Stored items:
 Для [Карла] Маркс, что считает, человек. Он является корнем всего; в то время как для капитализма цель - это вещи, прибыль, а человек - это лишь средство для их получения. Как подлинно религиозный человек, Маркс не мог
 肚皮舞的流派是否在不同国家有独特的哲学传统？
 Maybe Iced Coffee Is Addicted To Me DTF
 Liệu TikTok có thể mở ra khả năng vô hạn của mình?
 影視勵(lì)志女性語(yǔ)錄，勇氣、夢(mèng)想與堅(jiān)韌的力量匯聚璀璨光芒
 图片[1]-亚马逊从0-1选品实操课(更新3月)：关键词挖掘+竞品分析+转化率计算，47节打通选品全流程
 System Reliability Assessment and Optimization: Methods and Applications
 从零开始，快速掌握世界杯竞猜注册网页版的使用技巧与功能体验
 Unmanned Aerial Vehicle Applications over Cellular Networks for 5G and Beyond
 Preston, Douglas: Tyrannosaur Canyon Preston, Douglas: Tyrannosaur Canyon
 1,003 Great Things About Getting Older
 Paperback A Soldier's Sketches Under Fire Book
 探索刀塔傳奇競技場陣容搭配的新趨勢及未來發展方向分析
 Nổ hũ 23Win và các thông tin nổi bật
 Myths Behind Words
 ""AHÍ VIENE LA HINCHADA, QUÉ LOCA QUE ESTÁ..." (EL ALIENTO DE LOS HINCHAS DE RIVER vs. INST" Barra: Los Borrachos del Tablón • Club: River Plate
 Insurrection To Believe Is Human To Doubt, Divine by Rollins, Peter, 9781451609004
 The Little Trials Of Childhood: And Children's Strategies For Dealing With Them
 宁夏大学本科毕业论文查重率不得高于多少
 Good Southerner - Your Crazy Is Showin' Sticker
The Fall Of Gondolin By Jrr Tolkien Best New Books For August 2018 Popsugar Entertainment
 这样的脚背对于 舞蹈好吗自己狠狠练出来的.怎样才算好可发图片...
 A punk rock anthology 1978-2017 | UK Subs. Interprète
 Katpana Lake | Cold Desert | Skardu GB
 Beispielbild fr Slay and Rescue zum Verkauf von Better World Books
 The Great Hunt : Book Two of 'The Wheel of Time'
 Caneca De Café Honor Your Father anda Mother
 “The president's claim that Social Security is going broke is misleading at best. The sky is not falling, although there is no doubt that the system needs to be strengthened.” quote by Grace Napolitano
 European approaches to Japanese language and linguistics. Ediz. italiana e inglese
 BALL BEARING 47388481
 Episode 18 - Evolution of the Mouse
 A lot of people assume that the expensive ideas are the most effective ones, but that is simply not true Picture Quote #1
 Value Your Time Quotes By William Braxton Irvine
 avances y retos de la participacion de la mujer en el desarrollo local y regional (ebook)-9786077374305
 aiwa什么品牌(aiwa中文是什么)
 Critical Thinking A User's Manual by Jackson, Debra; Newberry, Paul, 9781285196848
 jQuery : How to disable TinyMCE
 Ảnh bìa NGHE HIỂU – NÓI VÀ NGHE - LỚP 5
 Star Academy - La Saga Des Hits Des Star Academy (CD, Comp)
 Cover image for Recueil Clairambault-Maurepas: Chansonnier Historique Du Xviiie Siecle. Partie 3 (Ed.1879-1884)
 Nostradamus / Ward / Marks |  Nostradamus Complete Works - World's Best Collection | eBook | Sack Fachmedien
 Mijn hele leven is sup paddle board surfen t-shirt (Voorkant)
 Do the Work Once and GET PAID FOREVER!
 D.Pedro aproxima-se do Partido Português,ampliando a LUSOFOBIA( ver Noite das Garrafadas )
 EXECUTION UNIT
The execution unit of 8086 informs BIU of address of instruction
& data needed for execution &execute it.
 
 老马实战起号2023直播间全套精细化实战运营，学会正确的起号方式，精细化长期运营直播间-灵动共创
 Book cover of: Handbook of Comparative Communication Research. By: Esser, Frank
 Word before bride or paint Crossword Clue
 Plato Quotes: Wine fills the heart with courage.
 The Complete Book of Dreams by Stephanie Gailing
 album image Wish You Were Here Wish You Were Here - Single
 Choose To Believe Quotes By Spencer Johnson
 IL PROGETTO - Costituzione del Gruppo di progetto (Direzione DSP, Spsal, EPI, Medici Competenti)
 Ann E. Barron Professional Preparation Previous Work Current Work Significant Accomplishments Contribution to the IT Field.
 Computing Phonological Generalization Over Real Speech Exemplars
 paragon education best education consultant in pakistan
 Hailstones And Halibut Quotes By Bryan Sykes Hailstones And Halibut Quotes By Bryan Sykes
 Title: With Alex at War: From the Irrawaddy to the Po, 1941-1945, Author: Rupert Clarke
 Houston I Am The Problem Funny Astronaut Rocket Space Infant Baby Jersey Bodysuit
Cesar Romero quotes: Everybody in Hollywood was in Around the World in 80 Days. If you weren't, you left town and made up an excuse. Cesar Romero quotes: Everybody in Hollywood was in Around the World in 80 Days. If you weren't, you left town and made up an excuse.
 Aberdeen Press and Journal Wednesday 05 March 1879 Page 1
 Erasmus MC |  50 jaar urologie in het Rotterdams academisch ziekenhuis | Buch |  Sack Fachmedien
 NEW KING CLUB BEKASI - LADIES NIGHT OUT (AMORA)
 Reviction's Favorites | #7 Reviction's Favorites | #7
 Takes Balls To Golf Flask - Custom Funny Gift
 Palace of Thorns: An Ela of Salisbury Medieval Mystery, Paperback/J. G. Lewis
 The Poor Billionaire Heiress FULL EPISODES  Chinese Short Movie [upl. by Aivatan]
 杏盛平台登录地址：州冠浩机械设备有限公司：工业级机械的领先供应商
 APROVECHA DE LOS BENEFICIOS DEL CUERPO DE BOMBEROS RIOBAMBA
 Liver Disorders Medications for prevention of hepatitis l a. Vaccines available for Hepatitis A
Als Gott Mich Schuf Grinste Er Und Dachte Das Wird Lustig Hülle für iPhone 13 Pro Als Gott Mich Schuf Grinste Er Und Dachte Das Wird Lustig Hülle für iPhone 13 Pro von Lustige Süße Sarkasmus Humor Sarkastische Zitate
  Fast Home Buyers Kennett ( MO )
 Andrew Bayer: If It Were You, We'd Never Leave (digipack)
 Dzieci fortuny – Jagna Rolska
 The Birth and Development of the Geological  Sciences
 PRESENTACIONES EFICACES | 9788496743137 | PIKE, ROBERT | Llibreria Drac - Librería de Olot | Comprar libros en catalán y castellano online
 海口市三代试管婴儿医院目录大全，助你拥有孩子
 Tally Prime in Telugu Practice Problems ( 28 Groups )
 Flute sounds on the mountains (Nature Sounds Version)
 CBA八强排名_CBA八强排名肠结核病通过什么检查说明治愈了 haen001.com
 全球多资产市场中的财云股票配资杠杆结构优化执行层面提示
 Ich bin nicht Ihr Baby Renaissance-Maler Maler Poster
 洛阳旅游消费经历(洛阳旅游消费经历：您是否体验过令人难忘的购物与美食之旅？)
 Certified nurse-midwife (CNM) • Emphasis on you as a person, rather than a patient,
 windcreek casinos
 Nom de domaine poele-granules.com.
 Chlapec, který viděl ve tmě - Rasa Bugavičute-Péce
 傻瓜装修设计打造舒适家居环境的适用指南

• [What you should do]
Above are some records; copy exactly the lines from the one with "Houston I Am" through the one with "Liver Disorders Medications", both included, and no others.

• [Solved problem]
 Houston I Am The Problem Funny Astronaut Rocket Space Infant Baby Jersey Bodysuit
Cesar Romero quotes: Everybody in Hollywood was in Around the World in 80 Days. If you weren't, you left town and made up an excuse. Cesar Romero quotes: Everybody in Hollywood was in Around the World in 80 Days. If you weren't, you left town and made up an excuse.
 Aberdeen Press and Journal Wednesday 05 March 1879 Page 1
 Erasmus MC |  50 jaar urologie in het Rotterdams academisch ziekenhuis | Buch |  Sack Fachmedien
 NEW KING CLUB BEKASI - LADIES NIGHT OUT (AMORA)
 Reviction's Favorites | #7 Reviction's Favorites | #7
 Takes Balls To Golf Flask - Custom Funny Gift
 Palace of Thorns: An Ela of Salisbury Medieval Mystery, Paperback/J. G. Lewis
 The Poor Billionaire Heiress FULL EPISODES  Chinese Short Movie [upl. by Aivatan]
 杏盛平台登录地址：州冠浩机械设备有限公司：工业级机械的领先供应商
 APROVECHA DE LOS BENEFICIOS DEL CUERPO DE BOMBEROS RIOBAMBA
 Liver Disorders Medications for prevention of hepatitis l a. Vaccines available for Hepatitis A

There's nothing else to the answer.